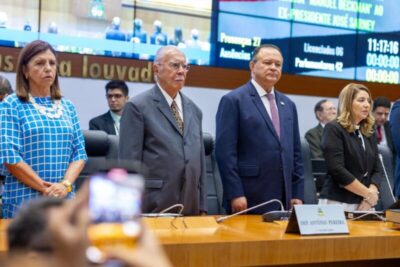 José Sarney é homenageado com a maior honraria do Legislativo maranhense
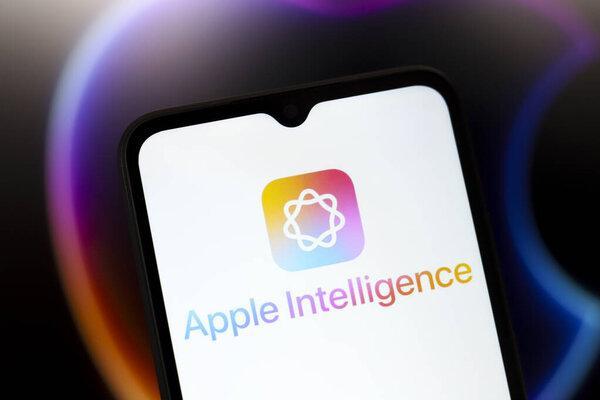 ， Apple Intelligence 徽标出现在 Reno 的智能手机屏幕上，， 美国 ， 2024 年 11 月 27 日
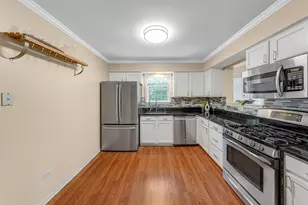 560 Jennifer Cir, Mundelein, IL 60060 - Photo 4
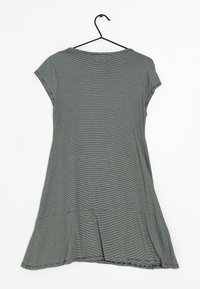 Robe rayée grise sur un cintre, avec un col rond, des manches courtes et un ourlet évasé. Tissu lisse et léger.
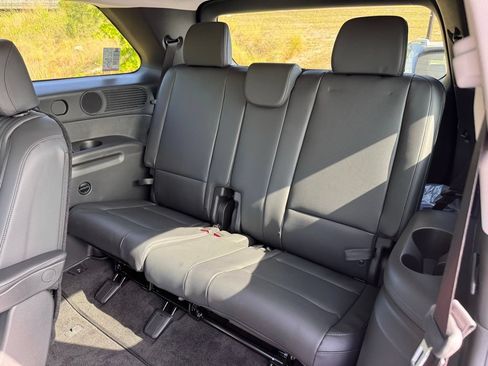 Used 2026 Hyundai Palisade SEL Premium FWD image 24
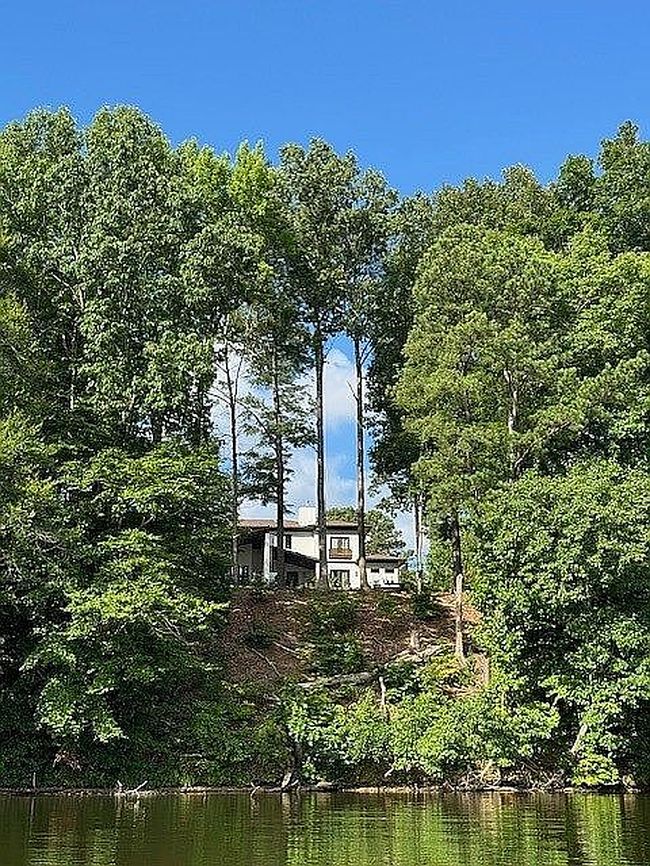 Additional photo 2 of property located at 6916 Mere View Ct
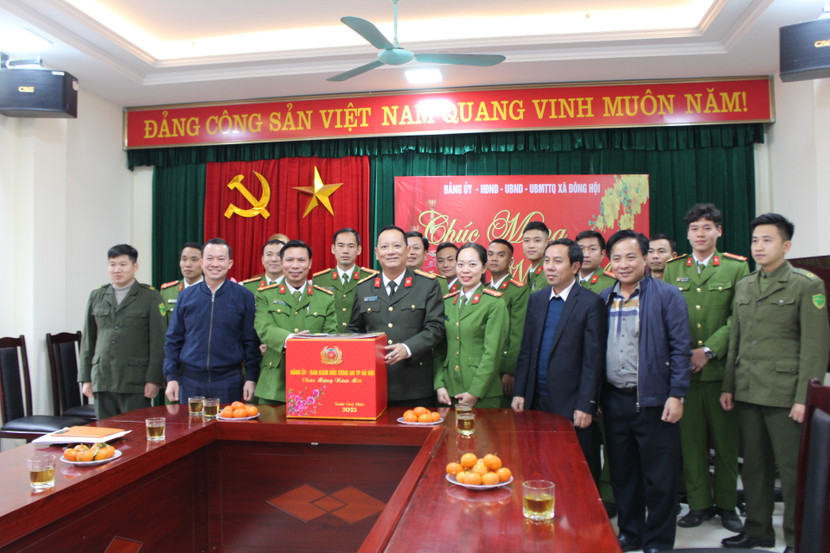 Thăm và chúc Tết CBCS Công an xã Đông Hội (huyện Đông Anh)...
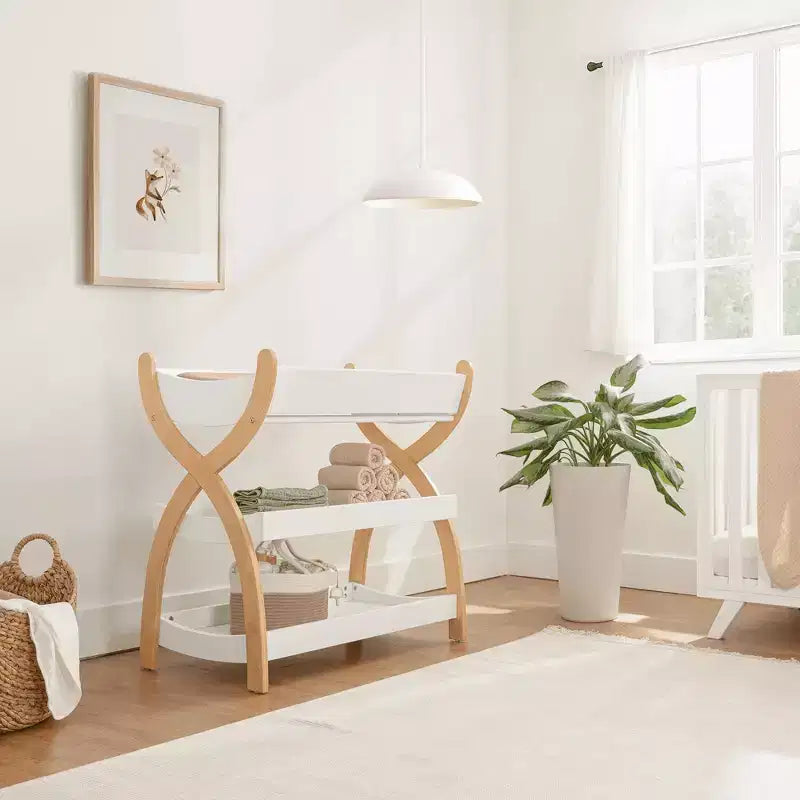 Fasciatoio Comfy Cubs - struttura robusta in legno, stile intramontabile e due ripiani aperti per gli accessori del neonato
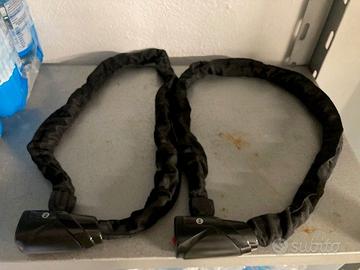 Due catene da moto / scooter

------------------------------------

(TRY IT) Apart from the images, everything in the records must be repeated exactly.

(SOLUTION TO THIS PROBLEM)
 José Sarney é homenageado com a maior honraria do Legislativo maranhense
 ， Apple Intelligence 徽标出现在 Reno 的智能手机屏幕上，， 美国 ， 2024 年 11 月 27 日
 560 Jennifer Cir, Mundelein, IL 60060 - Photo 4
 Robe rayée grise sur un cintre, avec un col rond, des manches courtes et un ourlet évasé. Tissu lisse et léger.
 Used 2026 Hyundai Palisade SEL Premium FWD image 24
 Additional photo 2 of property located at 6916 Mere View Ct
 Thăm và chúc Tết CBCS Công an xã Đông Hội (huyện Đông Anh)...
 Fasciatoio Comfy Cubs - struttura robusta in legno, stile intramontabile e due ripiani aperti per gli accessori del neonato
 Due catene da moto / scooter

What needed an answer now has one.